Personal information
- Full name: Manfred Jerome Palmes
- Born: 7 February 1887 Naburn, Yorkshire, England
- Died: 5 May 1968 (aged 81) Simon's Town, Cape Province, South Africa
- Batting: Unknown
- Bowling: Unknown

Career statistics
| Competition | First-class |
| Matches | 2 |
| Runs scored | 10 |
| Batting average | 3.33 |
| 100s/50s | –/– |
| Top score | 6 |
| Balls bowled | 114 |
| Wickets | 0 |
| Bowling average | – |
| 5 wickets in innings | – |
| 10 wickets in match | – |
| Best bowling | – |
| Catches/stumpings | –/– |
- Source: Cricinfo, 16 December 2019

= Manfred Palmes =

English cricketer and Royal Navy officer

Manfred Jerome Palmes (5 February 1887 – 5 May 1968) was an English first-class cricketer and Royal Navy officer.

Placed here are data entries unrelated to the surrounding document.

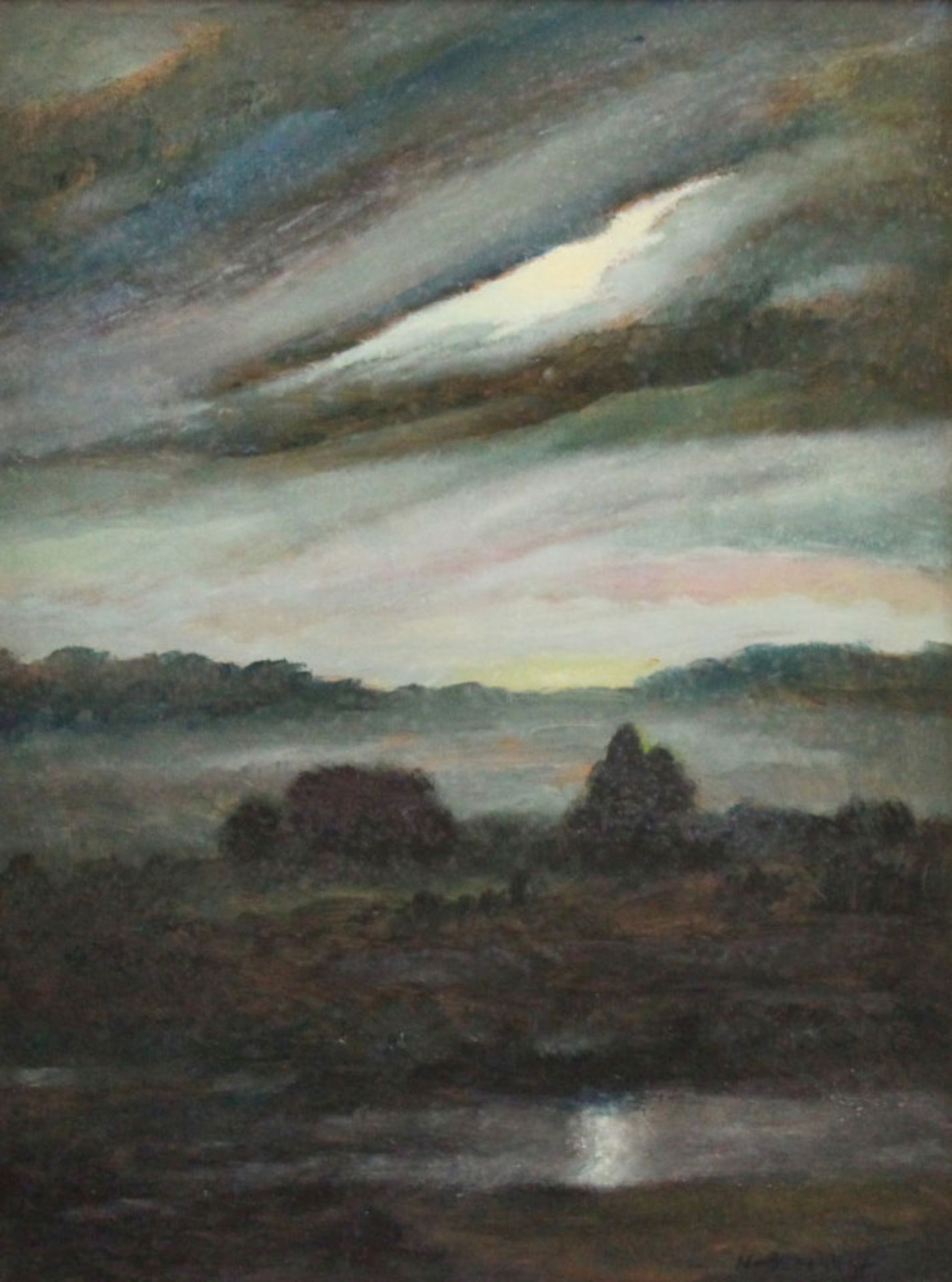 Heinz Dodenhoff (1889 - 1981) Nachlaß, - Öl auf Malkarton, "Moortümpel in der Dämmerung"signiert, - Bild 2 aus 4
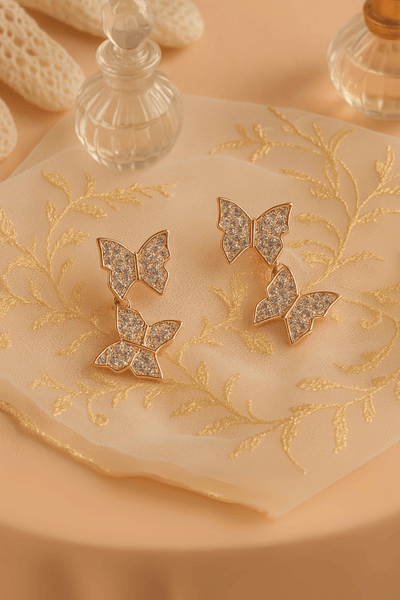 Double Butterfly Drop Earrings - Maxiblink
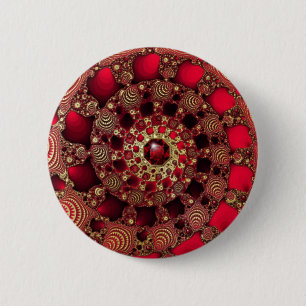 Badge Rond 5 Cm Bouton Rubies & Gold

A member of the Palmes family, he was the son of Francis Jerome Palmes and Mary Theresa Broadbent and was born in February 1887 at Naburn Hall at Naburn, Yorkshire. Palmes graduated from the Britannia Royal Naval College in 1906, entering the Royal Navy as an acting sub-lieutenant, with confirmation in the rank coming in April 1908. The following April he was promoted to the rank of lieutenant. He served with the Royal Navy in the First World War, during which he was promoted to the rank of lieutenant commander in March 1917. Following the war, Palmes played first-class cricket for the Royal Navy Cricket Club, making two appearances against the British Army cricket team at Lord's in 1919 and 1920. He was promoted to the rank of commander in December 1921, a rank he retained until his retirement in February 1933. Palmes later emigrated to South Africa, where he died at Simon's Town in May 1968.